The given expression is, $z=\left(1+i\right)e^{it}$.

Represent the complex number in rectangular form means writing the given complex number in the form of $\mathit{x}\mathbf{+}\mathit{i}\mathit{y}\mathbf{ }$in which x is the real part and y is the imaginary part.

Write the general form of the complex number.
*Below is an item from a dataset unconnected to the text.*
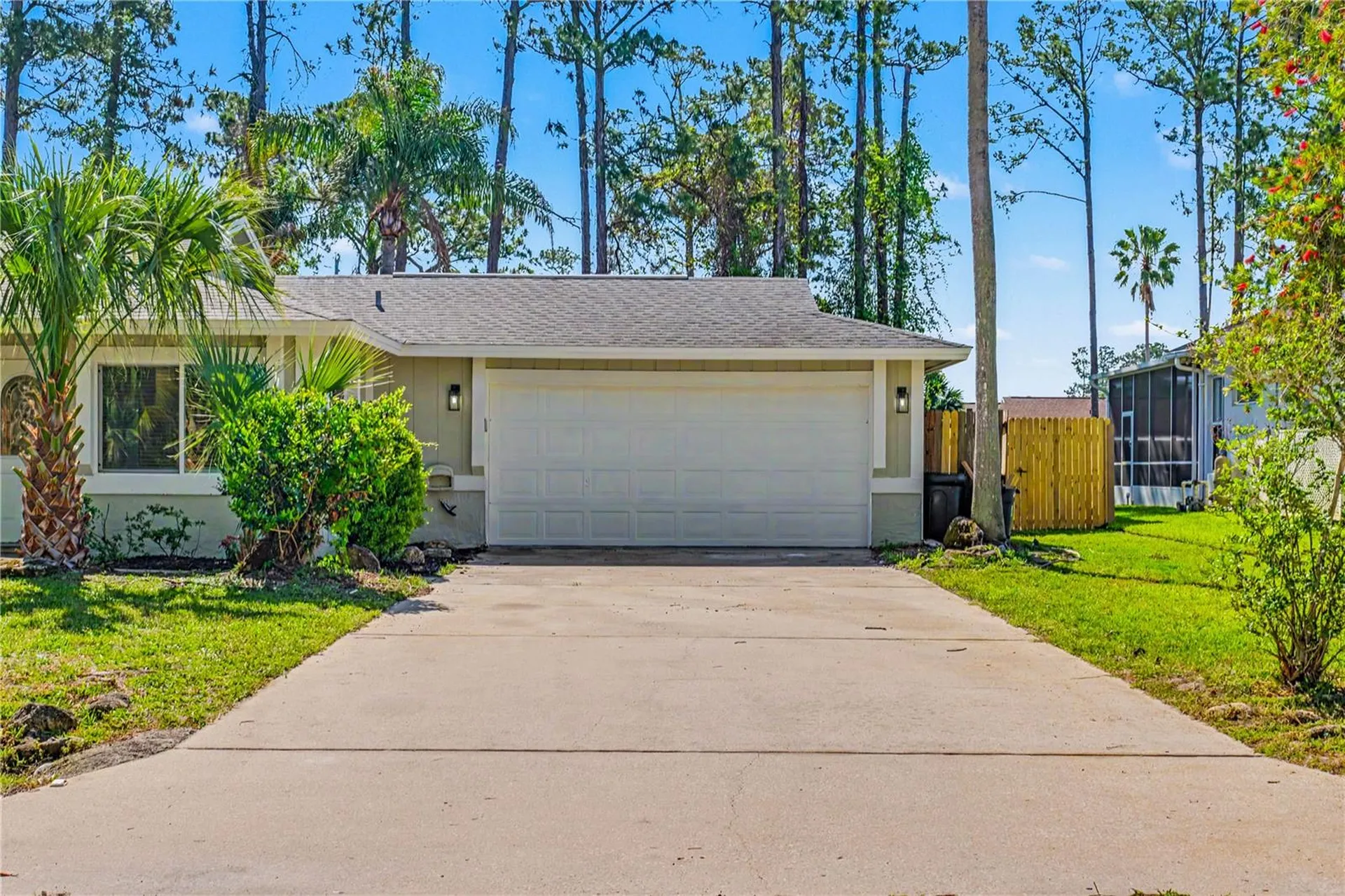 150 Brookside Lane Palm Coast FL 32137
$\begin{array}{l}z=x+yI\\ z=a{e}^{\left(i\omega t\right)}\\ z=\left(1+i\right)e^{it}\end{array}$

Find the magnitude.

$\begin{array}{l}\left|z\right|=\sqrt{x^2+y^2}\\ \left|z\right|=\left|\left(1+i\right)e^{\left(it\right)}\right|\\ \left|z\right|=\left|\left(1+\mathrm{i}\right)\right|\\ \left|z\right|=\sqrt{2}\end{array}$

 Therefore, the equation becomes $x^2+y^2=2$

Differentiate with respect to time.

$\begin{array}{l}v=\frac{d}{dt}\left[(1+i)exp\left(it\right)\right]\\ v=i(1+i)exp\left(it\right)\end{array}$

Find the magnitude of the velocity.

$$\begin{gathered} \left|v\right|=\left|i\left(i+1\right)exp\left(it\right)\right| \\ \left|v\right|=\left|-1+i\right| \\ \left|v\right|=\sqrt{2}m/s \end{gathered}$$

Find the acceleration.

Differentiate the velocity with respect to time.

$\begin{array}{l}A=\frac{d}{dt}\left[i\left(1+i\right)e^{\left(it\right)}\right]\\ A=-\left(1+i\right)e^{\left(it\right)}\end{array}$

Find the magnitude of the acceleration.

$$\begin{gathered} \left|A\right|=\left|-(\mathrm{i}+1)\exp \left(\mathrm{it}\right)\right| \\ \left|A\right|=\left|1+i\right|\sqrt{2}{\mathrm{ms}}^{-2} \end{gathered}$$

Therefore, the path it follows it circular $x^2+y^2=2$.

Its speed is $\left|v\right|=\sqrt{2}\mathrm{m}/\mathrm{S}$.

Its acceleration is $\left|A\right|=\sqrt{2}{\mathrm{ms}}^{-2}$.